Following Kuakini’s death, Amos Cooke and Thomas Rooke took the children of the Chiefs’ Childrens’ School (Royal School) on a visit to Kona, arriving on July 11, 1846. Cooke noted in his journal:
“… we landed at Kailua, & were escorted to the large stone house, builed by John Adams. It had been cleared of its furniture, but mats were plenty & we occupied them for beds. Our meals were cooked on board the vessel & brought on shore.”
“The house had three large rooms above 5 below. The boys took one end room above & the girls the other. The room under the girls was used as a dining hall while we were there.

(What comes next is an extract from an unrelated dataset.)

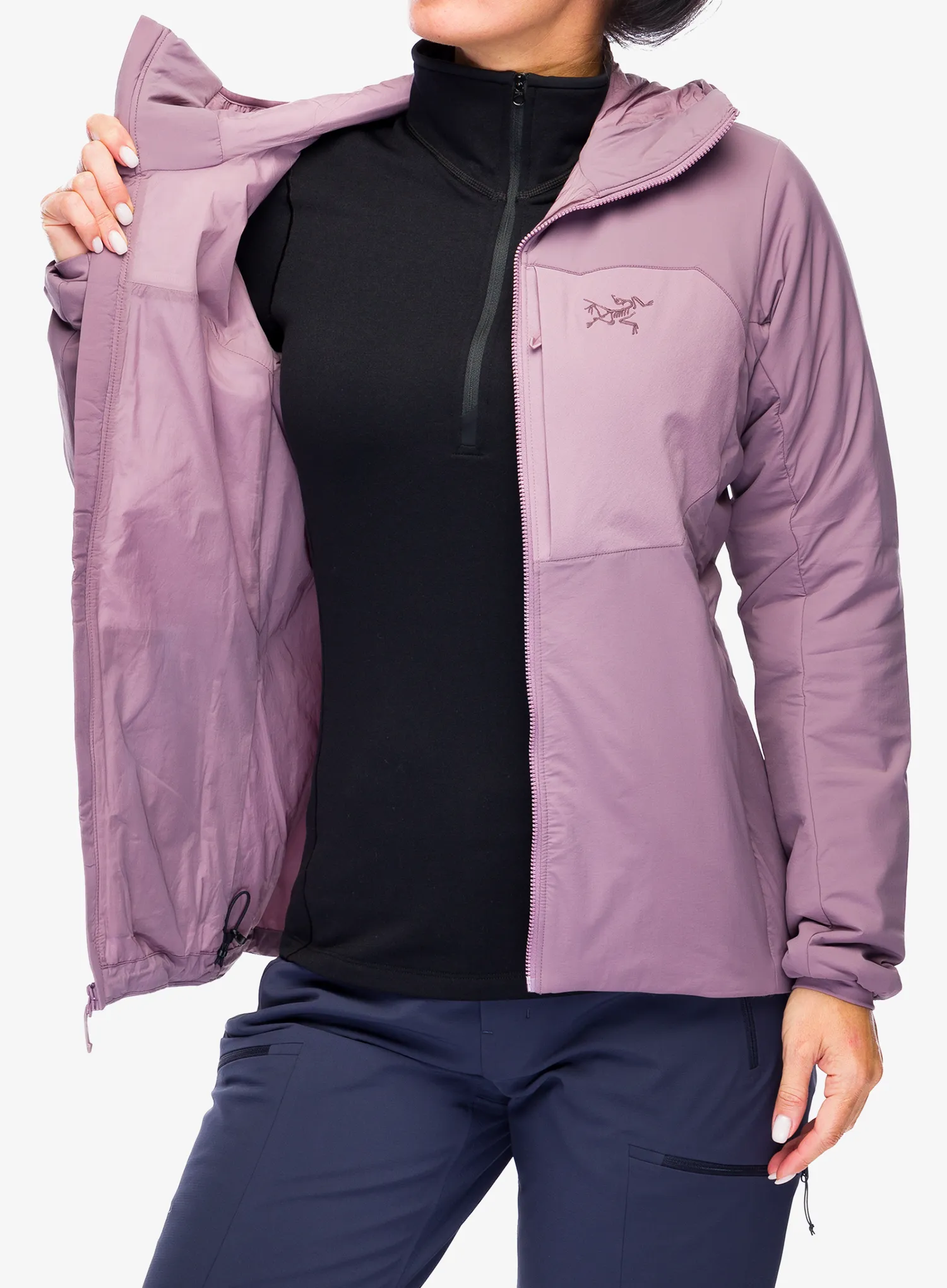 Jakna s postavom ženska Arcteryx Proton Hoody - interstellar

It was a large & commodious house & must have cost $10,000.”
Later, Kamehameha IV (Ruth’s half-brother, who had visited Huliheʻe as a student at the Royal School) and Queen Emma particularly enjoyed their time vacationing at Huliheʻe, and visited the palace many times with their son, Prince Albert.
Kamehameha IV signed a lease with Princess Ruth for Huliheʻe at $200 per year, with the agreement that additions and repairs made would be deducted from the rental. (Daughters of Hawaiʻi)
The King and Queen purchased the ahupuaʻa of Waiaha; in 1858 they moved to Kona for a 4-month stay. (That visit was cut short with the untimely death of Queen Emma’s hānai father, Dr Rooke.)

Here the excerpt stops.